WOMEN ACCOUNT for 70 per cent of all public liability injuries, according to new figures produced by the statutory body that adjudicates on personal injuries claims.
However, Patricia Byron, chief executive of the injuries board said she did not believe that women were more accident-prone or inclined to sue.
It is the first time that the injuries board has given a detailed breakdown.
“We can’t say definitively why, but there are more women out and about in areas where accidents are more likely to happen,” Ms Byron said.
“Similarly there are more men in the work environment doing manual jobs,” she added, referring to the fact the gender imbalance is reversed in the case of workplace injury claims, where men account for 70 per cent of all claims.
Almost a quarter (24 per cent) of all injuries occur in shops and other retail outlets, significantly more than in pubs, clubs or restaurants (19 per cent) where theoretically the imbibing of alcohol could contribute to people falling or hurting themselves a lot more.
Sports clubs, gyms and cinemas are also potentially dangerous places, accounting for 13 per cent of all personal injuries.
Over a quarter of all personal liability awards were made against local authorities and 6 per cent against transport and utility services.
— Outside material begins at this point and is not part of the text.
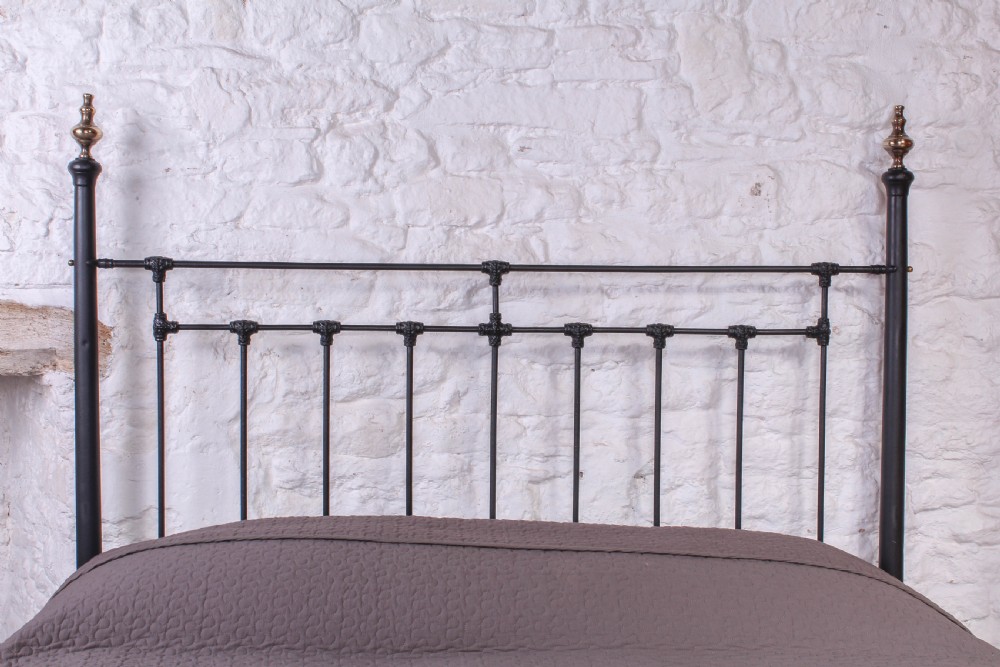 Elegant and stunning king size Winfield bed View III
Slips, trips and falls account for two-thirds (67 per cent) of all injuries.
Other causes included being struck by a falling or a flying object (11 per cent), being injured by machinery (5 per cent), burns/scalding (2 per cent) and food poisoning (1 per cent).
Sprains (40 per cent) are the most common injury followed by bruising (32 per cent), fractures (29 per cent) and lacerations (25 per cent).
The total value of awards in 2007 and 2008 was €65.4 million and the average award was €22,865.
People in Dublin are 32 per cent more likely than elsewhere to sue while those in Connacht-Ulster are 44 per cent less likely to sue.
Ms Byron said measures such as the Civil Liability and Courts Act, which has swingeing insurance fraud measures, and the anti-fraud campaign by the insurance industry had kept “compo culture” under control.
There was no reason to believe that Dublin residents were more litigious, she added.
“One could never rule that there will be a small minority who will attempt to claim more than they are entitled to, but there are measures in place to deal with them,” she said.